操作系统信息
虚拟机,openEuler,6.6.0-72.0.0.76.oe2403sp1.x86_64
Kubernetes版本信息
v1.30.0
容器运行时
containerd v1.7.13
KubeSphere版本信息
在线安装。无K8S集群
问题
用kk3.1.10卸载k8s v1.30.0的时候,执行kk delete -f sample.conf
然后手动清理master和node节点残留文件:
其中有一项是删除 rm -rf /var/run/calico 报错,没有权限操作,(root用户下执行的)
然后大模型查了一下,建议先执行 umount /var/run/calico 然后再删除/var/run/calico,
按照上面步骤操作了后,重启了操作系统,然后重新用kk3.1.10安装k8s v1.30.0,能顺利安装,但是安装完后,除了master节点处于ready状态,其他worker节点都处于not ready状态,查看各个node节点上的pod,都是处于init或者contianercreating状态,继续describe发现,pod起不来是cgroup驱动问题,按照大模型提示发现2个worker节点就没有/var/run/calico/cgroup 目录,于是重新新建这个目录,并mount上去,并重启worker节点,还是一样报错,而且重置集群,重新安装,也是一样的。
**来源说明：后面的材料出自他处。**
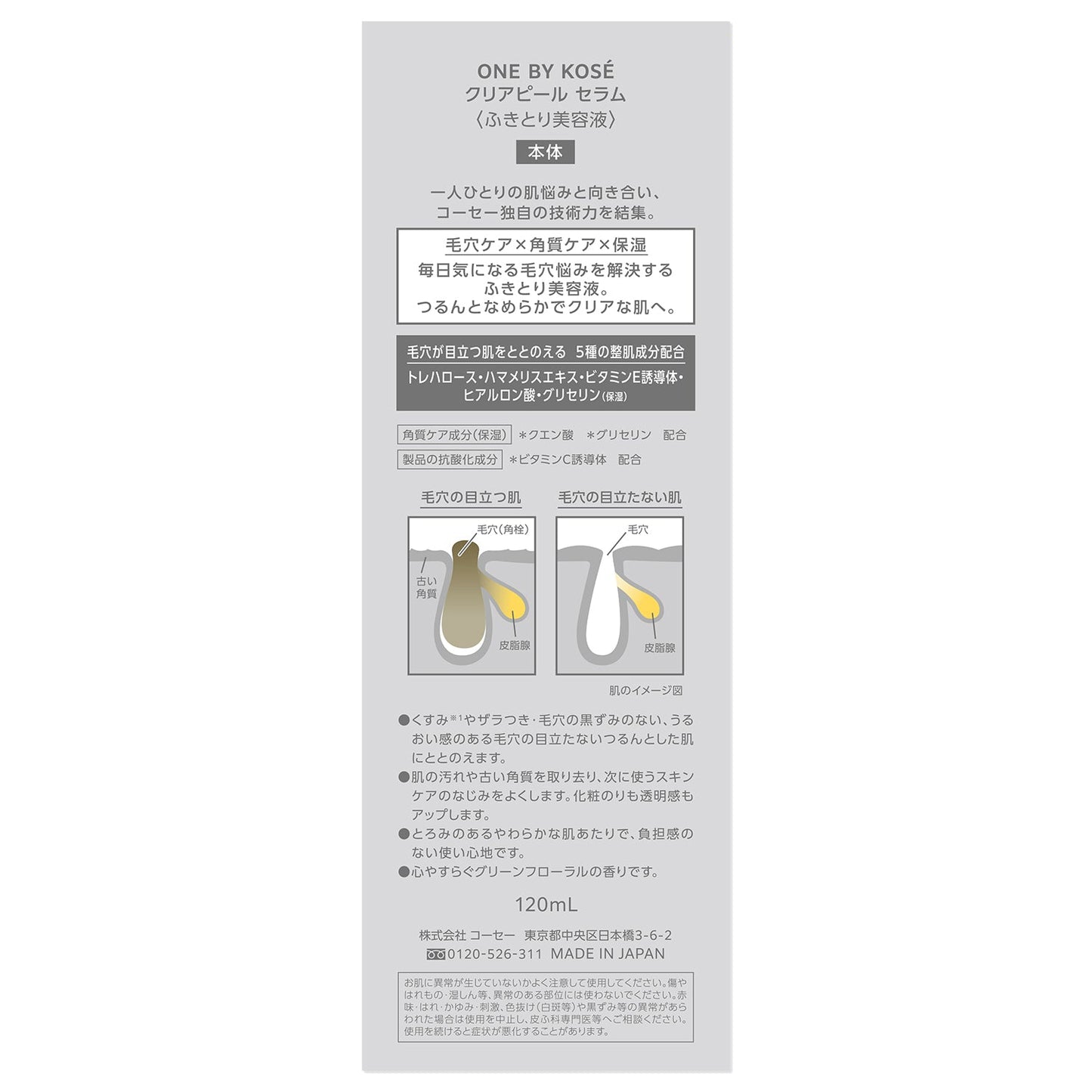 クリアピール セラム 120mL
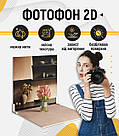 Пластиковий кутовий 2d фотофон, PolyPlast 40x40см - №62187, фото 4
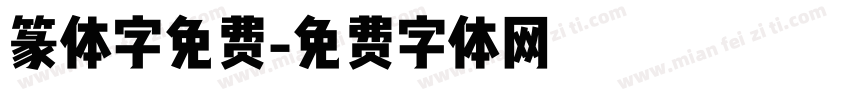 篆体字免费字体转换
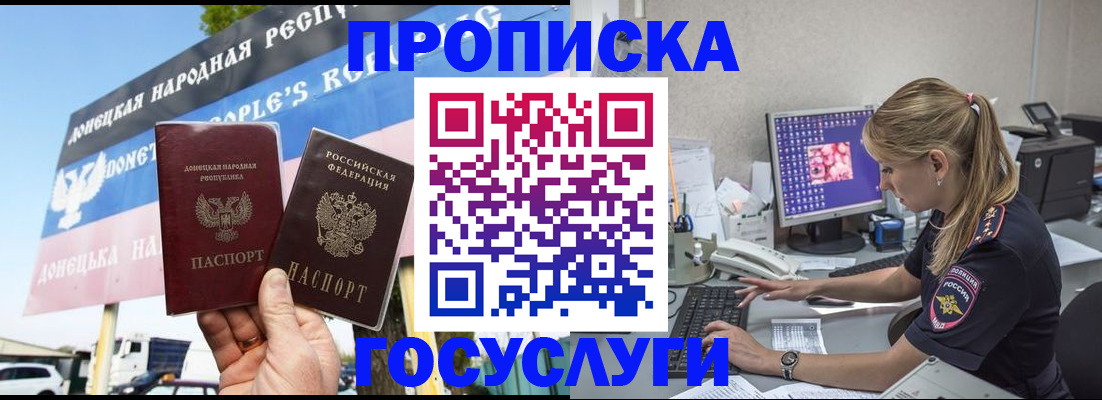 прописка паспорт в Щёлкино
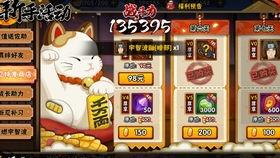 一月高招s最新技能爆料,揭秘神秘技能背后的强大力量 第1张 一月高招s最新技能爆料,揭秘神秘技能背后的强大力量 第1张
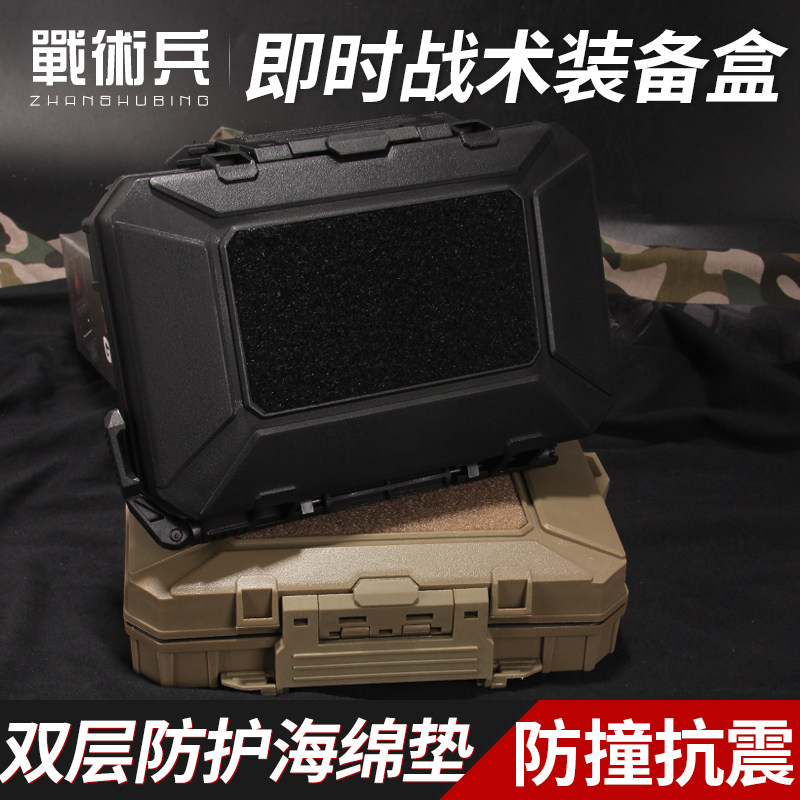 战术兵即时工作操作台装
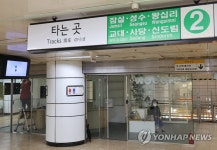 서울 지하철역에 연중무휴 의원·약국 문 연다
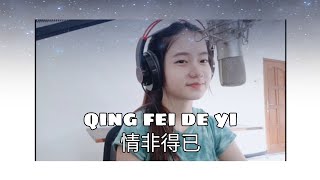 Qing Fei De Yi (情非得已）| Shania Yan Cover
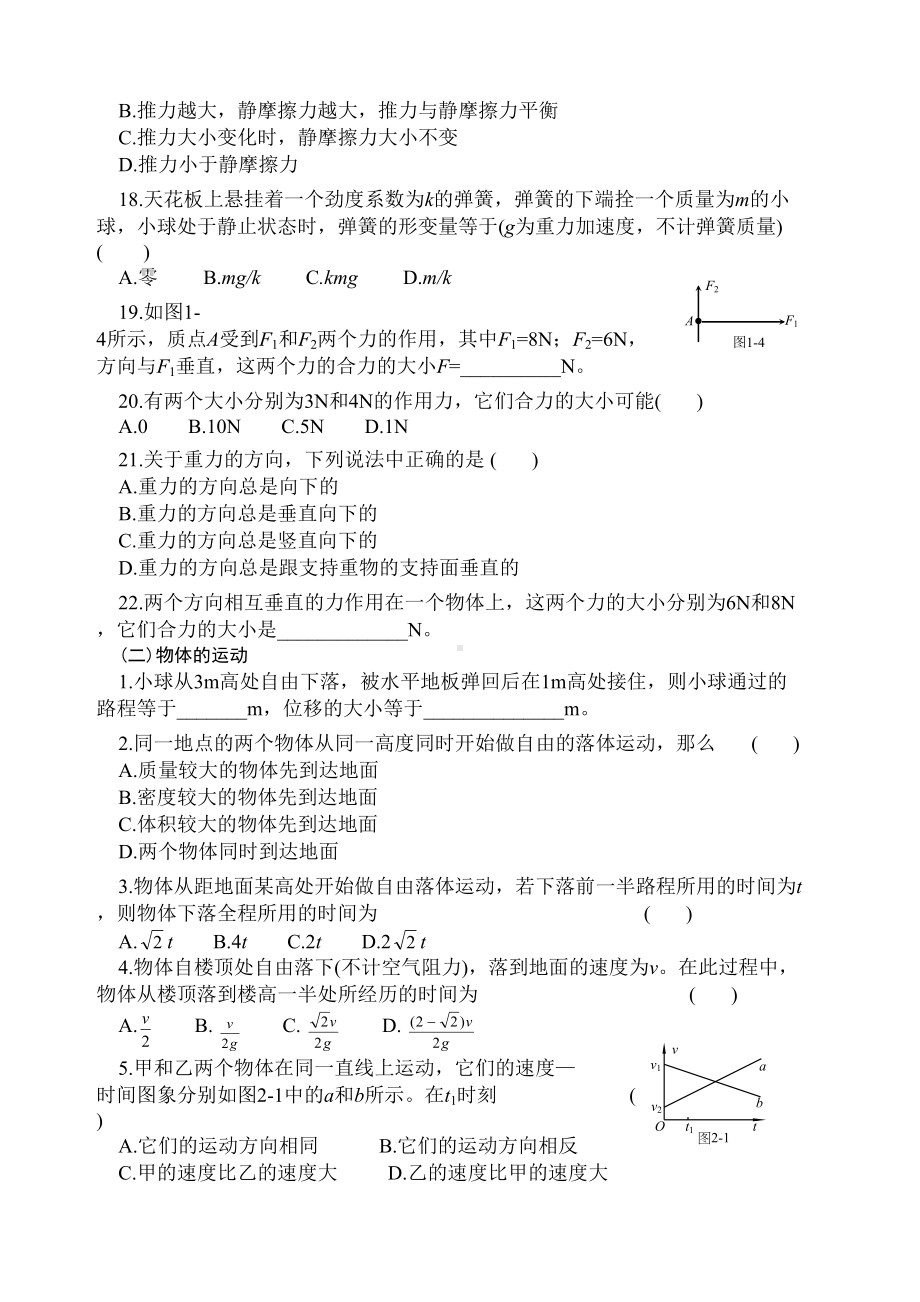 高中物理会考试题及答案(DOC 50页).docx_第3页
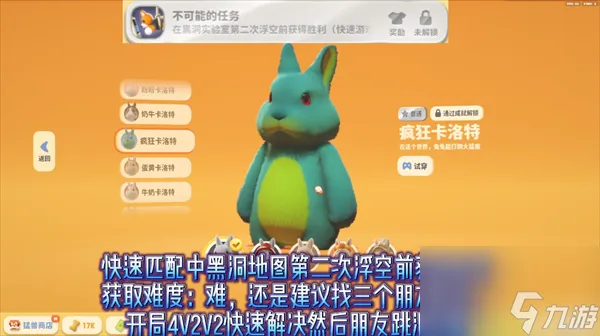 猛兽派对全部成就皮肤获得方法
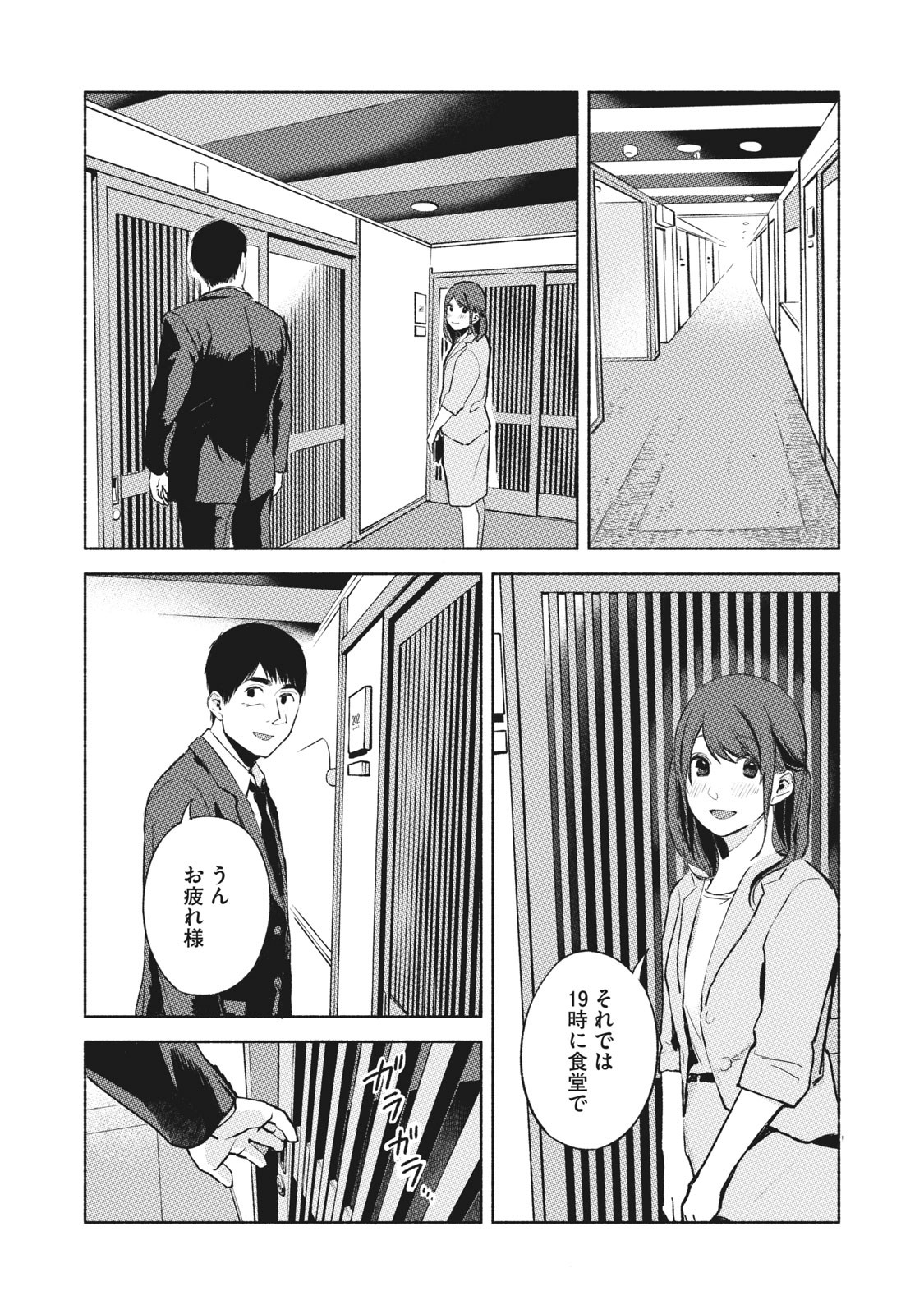 Musume no Tomodachi - Chapter 39 - Page 8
mkdir -p /var/run/calico/cgroup
mount -t cgroup2 none /var/run/calico/cgroup -o rw,nosuid,nodev,noexec,relatime
Events:
Type Reason Age From Message
—
Normal Scheduled 63s default-scheduler Successfully assigned kube-system/calico-node-l4m8t to sv-cz-alg-test-worker-01
Warning FailedCreatePodSandBox 62s kubelet Failed to create pod sandbox: rpc error: code = Unknown desc = failed to create containerd task: failed to create shim task: OCI runtime create failed: runc create failed: unable to start container process: error during container init: error setting cgroup config for procHooks process: openat2 /sys/fs/cgroup/kubepods.slice/kubepods-burstable.slice/kubepods-burstable-pod8637b80c_5b75_48ac_a967_1a4b644d4229.slice/cri-containerd-a1de6738fb2131182dc93a86f59ada12c60245627456266bffcae3be4e6d7602.scope/cpu.weight: no such file or directory: unknown
下面是删除集群的操作
kk delete cluster -f config-k8s-v1300-ipipmode.yml -y
下面是清理各个节点残留文件的操作,在所有节点都执行
# 停止kubelet/containerd
601 systemctl stop kubelet containerd
602 systemctl disable kubelet containerd
603 # 停止calico网络(如有)
604 pkill -9 calico || true
605 pkill -9 bird || true
606 rm -rf /etc/kubernetes /var/lib/kubelet /var/lib/etcd /var/run/kubernetes
607 # 彻底清理calico所有残留(包括之前无法删除的cgroup文件)
608 rm -rf /etc/cni /opt/cni /var/lib/calico
rm -rf /var/run/calico
609 mount | grep calico/cgroup
610 umount /var/run/calico/cgroup
611 ls -ld /var/run/calico /var/lib/calico
612 # 彻底清理calico所有残留(包括之前无法删除的cgroup文件)
613 rm -rf /etc/cni /opt/cni /var/lib/calico
614 rm -rf /var/lib/containerd
615 mv /etc/containerd/config.toml /etc/containerd/config.toml.bak
616 rm -rf /var/lib/containerd /etc/containerd/config.toml
617 # 清理iptables/ipvs规则(重置网络规则)
618 iptables -F && iptables -X && iptables -F -t nat && iptables -X -t nat
619 ipvsadm –clear || true
620 # 清理路由(避免网络冲突)
621 ip route flush proto bird || true
622 ip route
625 systemctl restart containerd
626 service kubelet restart
627 reboot
623 #mkdir -p /var/run/calico/cgroup
624 #mount -t cgroup2 none /var/run/calico/cgroup -o rw,nosuid,nodev,noexec,relatime
kubelet的启动参数指定cgroupDriver: systemd,contianerd:SystemdCgroup = true,
我们内核启动参数:
GRUB_CMDLINE_LINUX=“resume=/dev/mapper/openeuler-swap rd.lvm.lv=openeuler/root rd.lvm.lv=openeuler/swap kernel.cgroup_no_v1=all systemd.unified_cgroup_hierarchy=1 apparmor=0 crashkernel=512M”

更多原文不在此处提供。